Copy word for word the lines in the records below, starting at the line with "เสื้อเชิ้ตลินินแขนยาว สีเขียว DGRIE" and ending at the line with "Rc Stunt Car". Skip the pictures.

Data:
◆ ◆ ◆ ◆ ◆ ◆ ◆

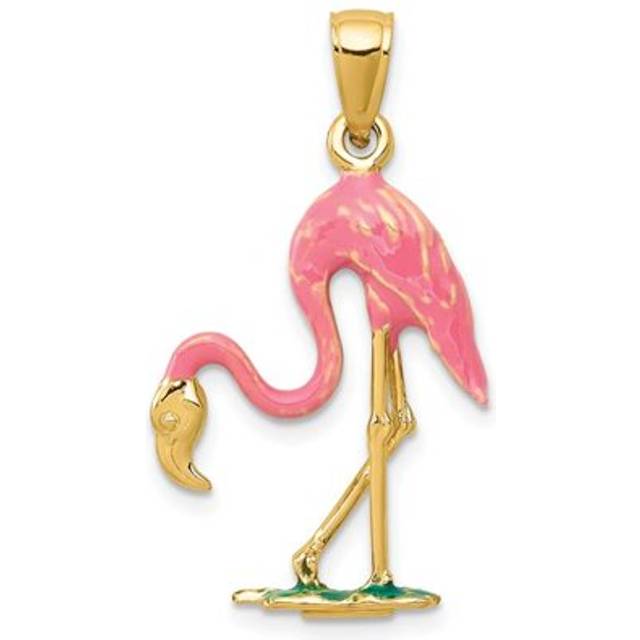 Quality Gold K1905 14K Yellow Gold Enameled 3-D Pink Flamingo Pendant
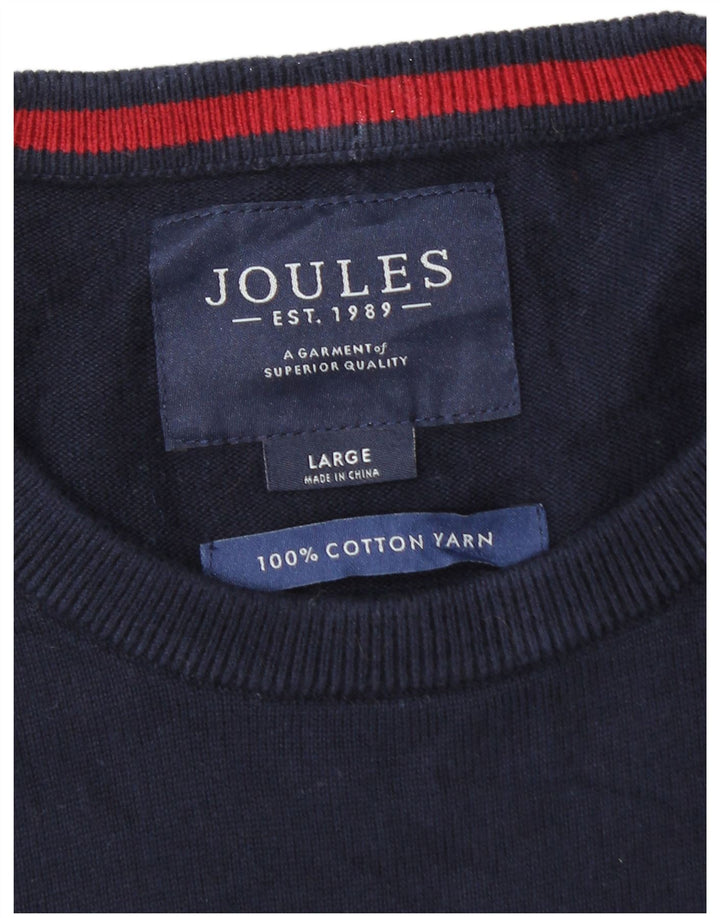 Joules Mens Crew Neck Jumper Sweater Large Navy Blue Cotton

◆ ◆ ◆ ◆ ◆ ◆ ◆

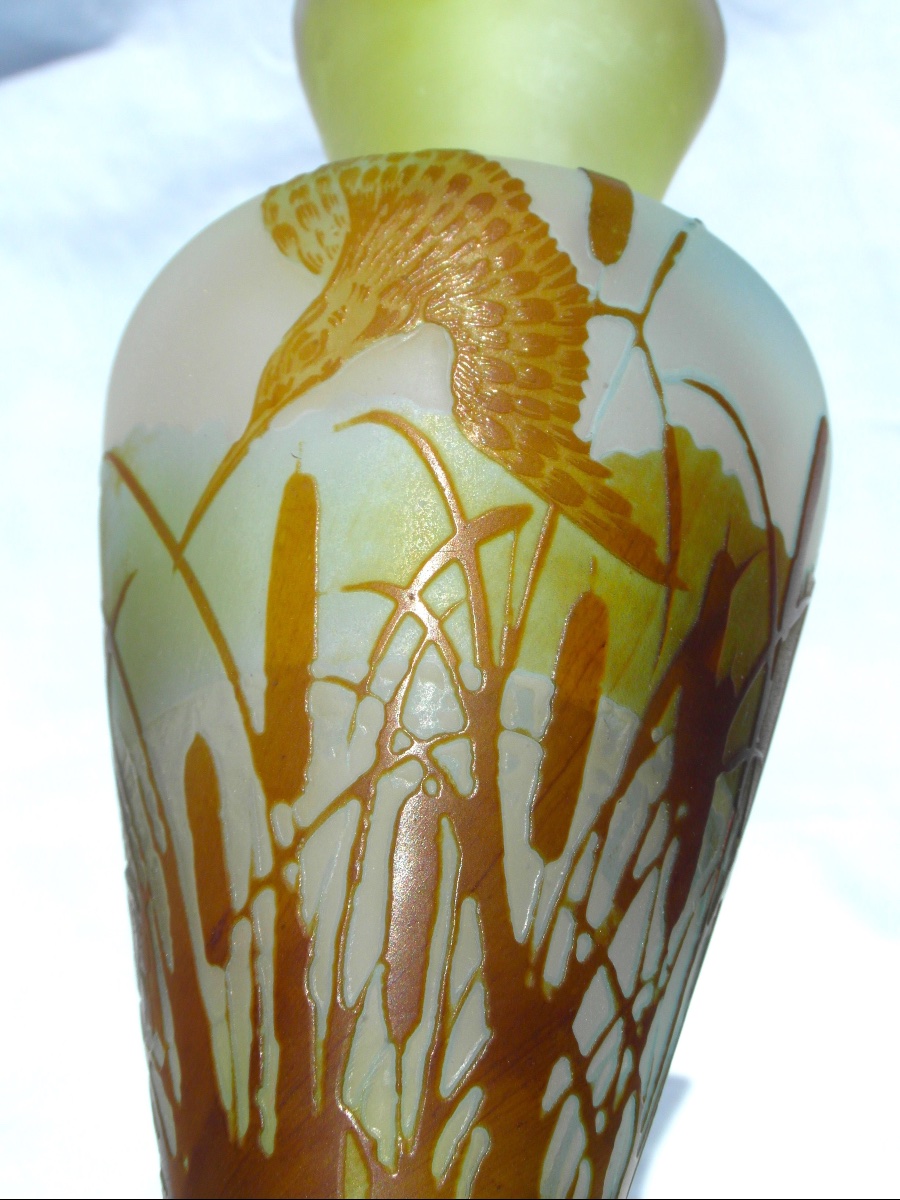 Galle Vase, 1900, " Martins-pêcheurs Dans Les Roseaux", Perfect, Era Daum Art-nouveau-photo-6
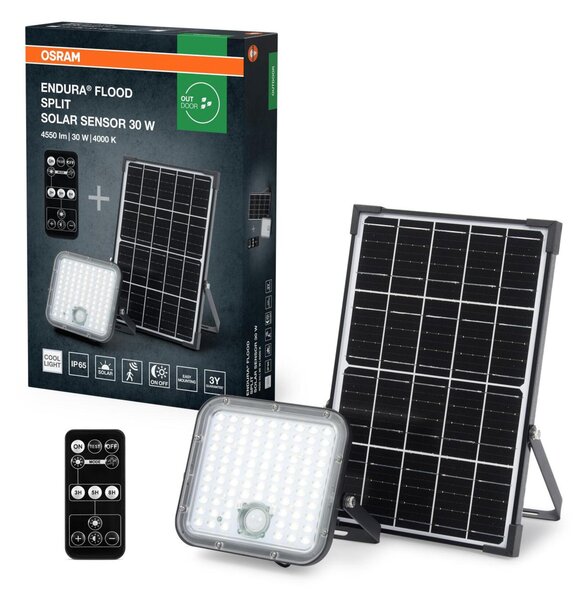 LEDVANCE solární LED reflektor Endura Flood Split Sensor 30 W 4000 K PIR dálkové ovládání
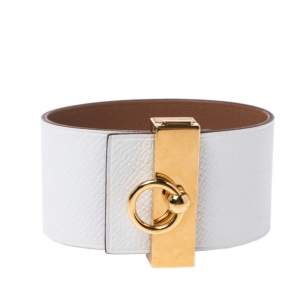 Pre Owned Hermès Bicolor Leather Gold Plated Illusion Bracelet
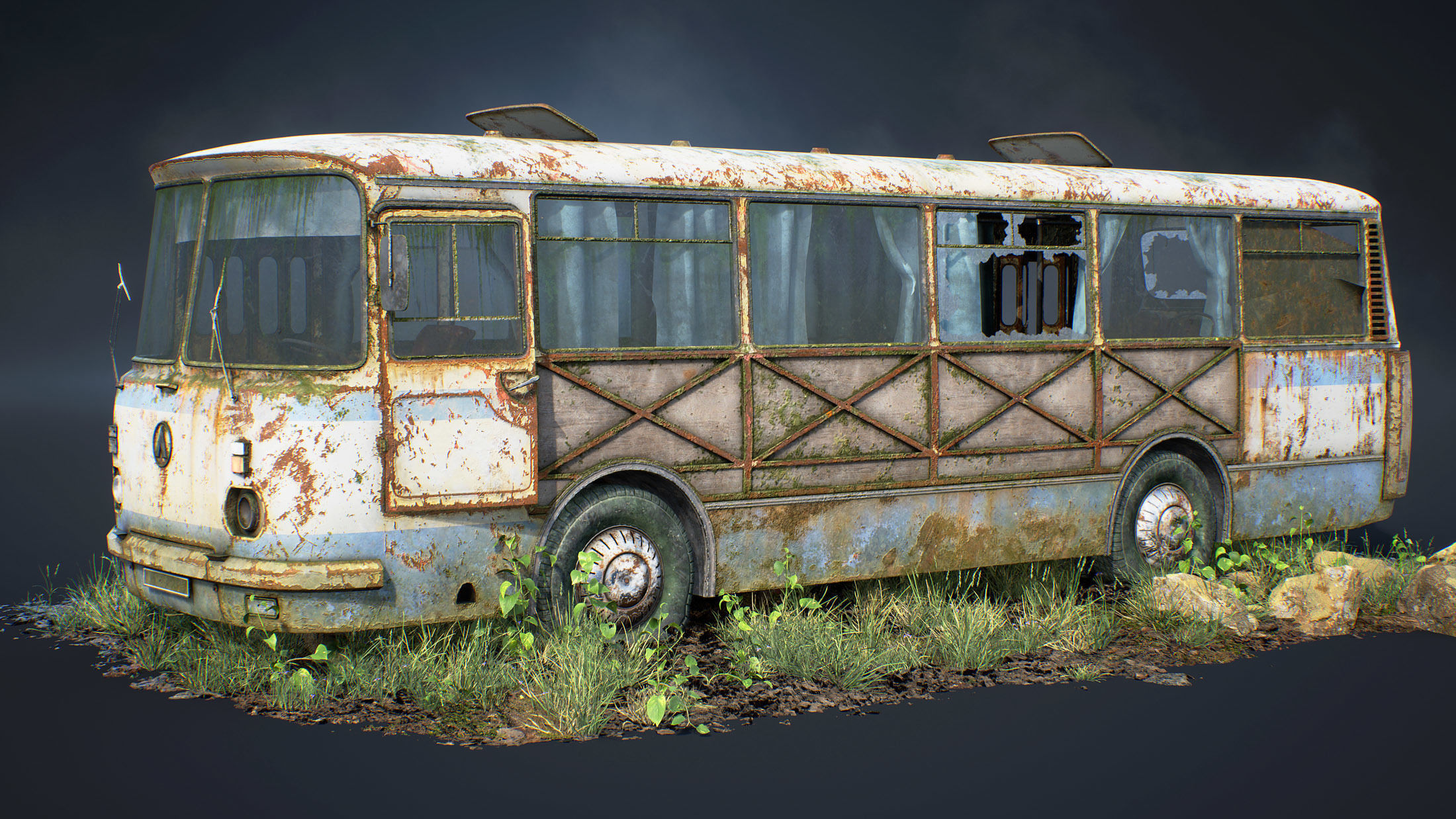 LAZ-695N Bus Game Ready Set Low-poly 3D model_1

◆ ◆ ◆ ◆ ◆ ◆ ◆

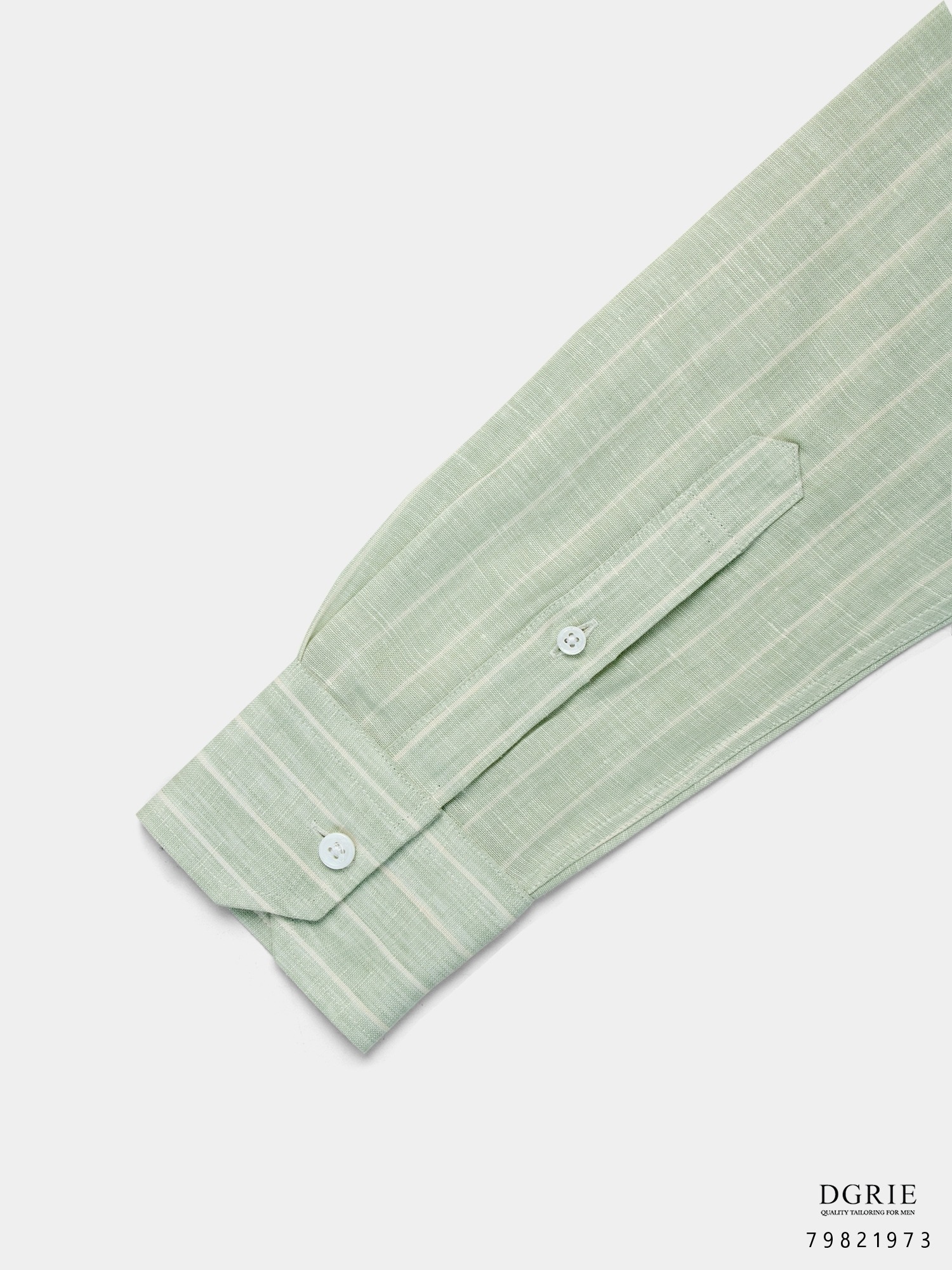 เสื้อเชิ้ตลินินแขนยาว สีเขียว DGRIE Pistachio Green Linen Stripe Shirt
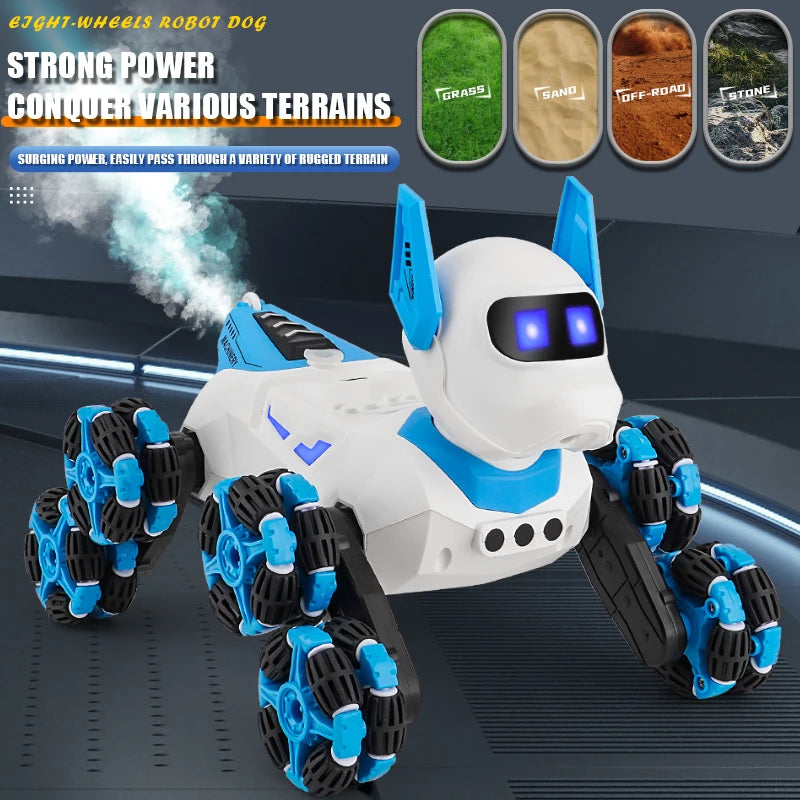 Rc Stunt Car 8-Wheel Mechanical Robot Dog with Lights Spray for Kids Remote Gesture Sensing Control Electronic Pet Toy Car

◆ ◆ ◆ ◆ ◆ ◆ ◆

Reply:
 เสื้อเชิ้ตลินินแขนยาว สีเขียว DGRIE Pistachio Green Linen Stripe Shirt
 Rc Stunt Car 8-Wheel Mechanical Robot Dog with Lights Spray for Kids Remote Gesture Sensing Control Electronic Pet Toy Car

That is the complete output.